Bu tespit, aslında meselenin ya da duyulan korkunun nedenini büyük ölçüde ortaya koyuyor. Zira Batı açısından Türkiye’nin yerini doldurabilecek ikinci bir güç yok. Bunun için yaptıkları “BOP Küristanı İnşası” ise akamete uğratılmış durumda. Onun için ne yapıp edip Türkiye’yi yeniden kazanmak istiyorlar. Bunu yaparken de, “eğer bizi terk edersen bu sefer Rusya ve hatta İran ile tek başına mücadele edersin” mesajını da vermekten çekinmiyorlar; aynen ABD eski başkanlarında Johnson’un mektubunda belirttiği gibi…
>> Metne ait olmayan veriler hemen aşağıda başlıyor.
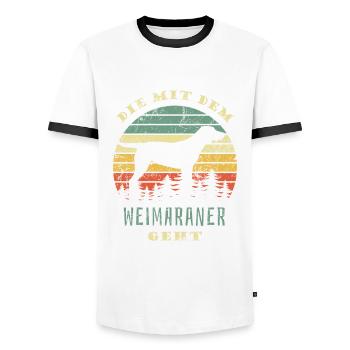 Die mit dem Weimaraner geht - Gassi gehen - Männer Kontrast-T-Shirt - Weiß/Schwarz - Vorne - AI Model Female 172 light (172cm) & AI Model Male 178 dark (178cm)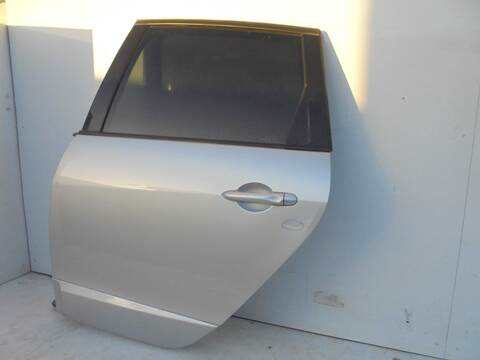 Foto 4ª: Puerta Trasera Izquierda Renault Scenic DYNAMIQUE 110CV 81KW [K9K A6] (2012)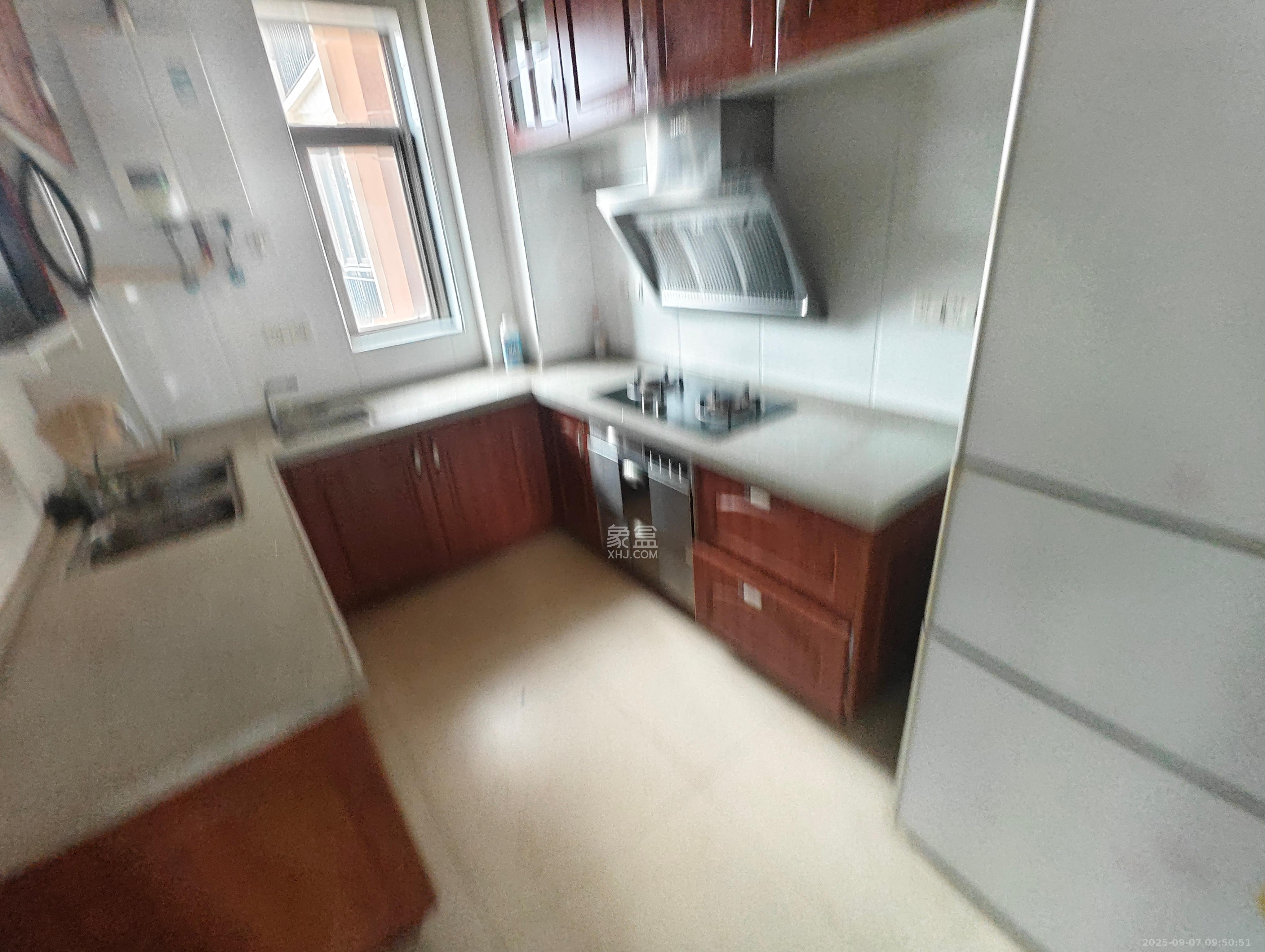 米兰春天  1室0厅0卫    2400.0元/月室内图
Bu yeni Johnsonlara sadece Bloomberg uzmanları dâhil değil elbette… Örneğin NATO eski Genel Sekreteri Anders Fogh Rasmussen de bu isimlerden birisi. Rasmussen; ABD’nin önemli bir ağırlığa sahip olduğu NATO’nun Türkiye’ye alternatifsiz bir güvenlik garantisi sağladığına dikkat çekerken, “Türkiye, ABD ile ilişkilerin kötüleşmesinden ötürü endişe duymalı” diyor.
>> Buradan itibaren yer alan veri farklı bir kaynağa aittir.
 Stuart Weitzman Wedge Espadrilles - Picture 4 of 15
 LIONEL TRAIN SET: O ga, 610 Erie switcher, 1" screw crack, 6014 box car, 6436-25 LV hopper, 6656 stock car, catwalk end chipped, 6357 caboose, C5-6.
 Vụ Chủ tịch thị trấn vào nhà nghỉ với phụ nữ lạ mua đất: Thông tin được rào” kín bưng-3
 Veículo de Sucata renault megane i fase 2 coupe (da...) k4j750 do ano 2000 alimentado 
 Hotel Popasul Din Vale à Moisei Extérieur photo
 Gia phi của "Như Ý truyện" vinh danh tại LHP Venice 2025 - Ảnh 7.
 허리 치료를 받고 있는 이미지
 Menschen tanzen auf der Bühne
Rasmussen’in derdi elbette başka. Zira en büyük korkuları “Türkiyesiz NATO”. Bunun için de “NATO’suz Türkiye”nin ne anlama geleceğine yönelik olarak farklı yerlerden üst üste mesaj verme gereği duyuyorlar. Nitekim Rasmussen, aynı konuşmasında Türkiye’nin bu örgütten ayrılmasının, NATO’nun bölünmesi ile eşdeğer olacağını ve bunun önüne geçilmesi gerektiğini de şu sözleriyle itiraf ediyor:
“Şimdi Rusya, İran ve Türkiye’nin Ortadoğu’da, başta Suriye ve Kürtler konusunu ele almak üzere, bir araya geldiğine tanıklık ediyoruz. Ortadoğu ziyaretinden yeni döndüm ve bu güç dengesi kayması olarak ifade edilebilecek gelişmelerden ötürü bölgede, özellikle Körfez ülkelerinde büyük bir endişe duyulduğunu ifade etmek zorundayım. Bu sürecin istikrarsızlığa yol açma potansiyeli olduğu gibi NATO içinde de bölünmeye yol açma ihtimali var. Bunu önlemek zorundayız.”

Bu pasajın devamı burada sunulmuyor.